I remember my daughter standing spiritedly, a wide smile radiating from her round cheeks as her arms stretched out to me. Her curly hair, entangled from her grandmother's comforting strokes, swung back and forth as she bobbed her head. She had forgotten about the previous few attempts at taking her first step, showing every indication she was ready for her next try.
I called her name: Tahrir, come to me!
Her grandmother began to let go of her slowly. Tahrir had no such reluctances, taking the tiny shuffles that feel like the biggest steps in a lifetime with a confident air. When she fell into my lap, my eyes began to tear. Instinctively, I looked up to share the moment.
Grandma's proud face was not what I was looking for. As lucky as I am to have her unwavering support, seeing her reminded that my husband would not have missed this moment for the world.
It had been just over six months since that horrific day, July 3, 2013 that saw my husband, Khaled Al-Qazzaz, illegally detained and eventually sent to Egypt's notorious Scorpion prison.

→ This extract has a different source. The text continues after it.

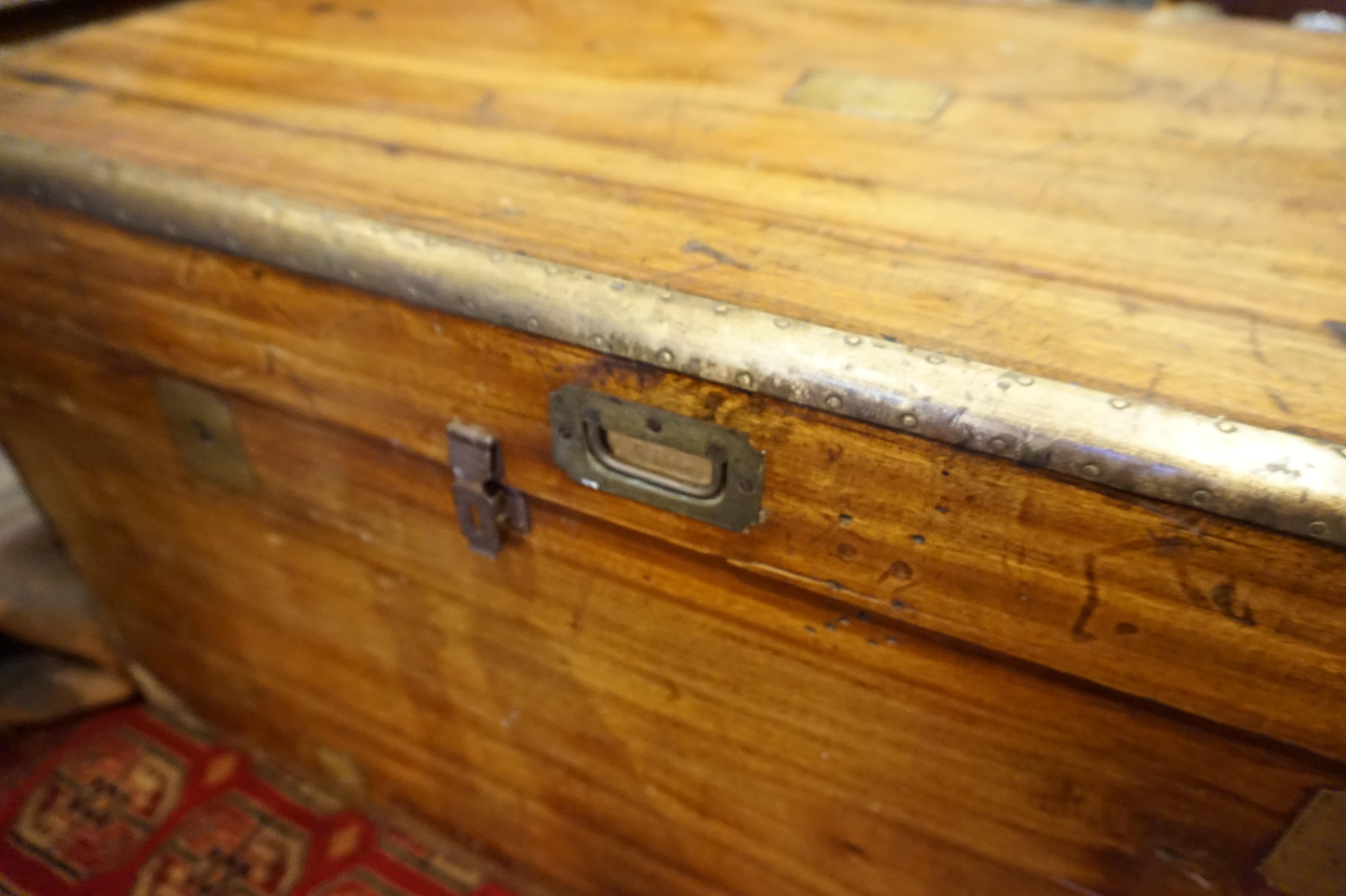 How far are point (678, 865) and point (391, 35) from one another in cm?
90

He had been working day and night to improve the country's human rights record in the presidential office.
Despite the support of many human rights organizations, including Human Rights Watch and Amnesty International, and their direct demands for his release, Khaled's inhumane conditions remain the same.

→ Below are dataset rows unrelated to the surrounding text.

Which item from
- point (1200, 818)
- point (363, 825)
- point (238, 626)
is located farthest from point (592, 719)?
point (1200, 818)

He has now suffered more than 500 days without charge or any semblance of evidence in a two by two meter, insect-infested cell. He has spent 23 hours of most of those days in solitary confinement, having no access to even the most basic of possessions. There are times when even the guards have commented in surprise about the fact my husband has not gone insane.
To my worst fears, his health has recently deteriorated to a dangerous point. He is currently on temporary medical release awaiting critical surgery in a hospital to treat a herniated Level L4-5 disc. He had been suffering from severe pain in his back and legs for some time, before the campaign by international doctors helped make his transfer to hospital successful.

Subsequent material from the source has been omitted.